Age: 21 to 30
Number of Cruises: 3 to 5
Cruise Line: Carnival
Ship: Carnival Paradise
Sailing Date: May 14th, 2000
Itinerary: Eastern Caribbean
This was our third cruise with Carnival, and the best by a safe margin. We have cruised aboard the Fantasy on a 4-day to the Bahamas (1998) and aboard the Carnival Triumph (January 2000). My wife (Debbie) and I chose this cruise for our honeymoon because it went to Tortola and Virgin Gorda, which aren't featured on many cruises. Other ports included San Juan and St. Thomas.
Much has been written about the embarkation and debarkation processes, so I'll spare you the usual gripes. It's a small price to pay for the week-long enjoyment that you experience on a cruise. Besides, it's not really as arduous as some would have you think.
Upon boarding in Miami, you enter the Atrium. Unlike the earlier ships in this class (especially the Fantasy) the Paradise Atrium is nicely subdued. Very little of the mirror, glitter and neon in comparison to the earlier Fantasy class ships. In the last few ships in this class Carnival has placed a bar with a small bandstand in the center of the Atrium's lower level. This is much better that the strange sculptures on some of their ships. The rest of the Atrium is decorated attractively.
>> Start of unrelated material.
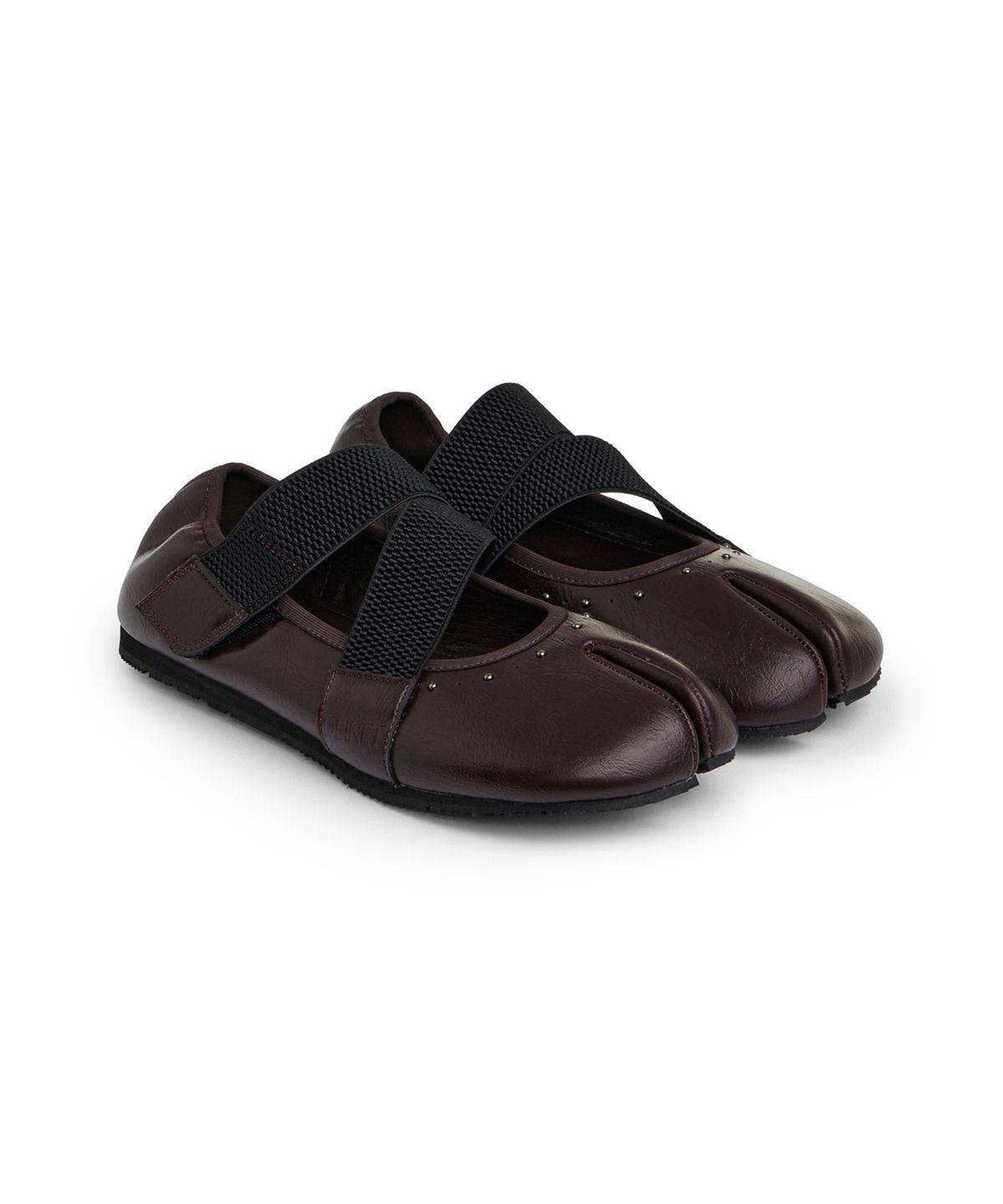 다이닛(DEINET) TABI POINT FLAT SHOES IN BURGUNDY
It's very possible that your first impression upon entering this area will be that this is one of the classier Carnival ships.
If you've ever been on a Carnival ship before, your cabin will not be a surprise. We had a midship outside Category 6C cabin on Upper deck (U-129). Furnishings are simple but functional and attractive, although some of the shades of orange, red and purple are not to my taste. Nothing overtly offensive, mind you. Just not the way I would want my house to look. The strong suits to these cabins are plenty of drawer and closet space (even for my wife) and plenty of space for two people on a 7-day cruise. The bathroom was also a decent size, but those vacuum toilets could wake the dead when they flush.
The overall theme aboard the Paradise is that of past ocean liners. Being a devoted ship fan, this was right up my alley. Most public rooms bear the name of a past ocean liner.
The main show lounge, Normandie, is at the forward end of the ship and is one of the most appealing rooms in my opinion. It spans two stories and most areas will afford you a good seat for one of the shows there. However, the number of view-blocking columns was somewhat annoying. The shows presented aboard were quite good, but do be sure to get there early if you want a really good seat. I'm a real stickler for details. Be sure to take time to look at the rosewood inlays in this lounge's decorations. The only better nautical woodwork I've seen was aboard the Carnival Triumph, which was spectacular in it's detail and finish.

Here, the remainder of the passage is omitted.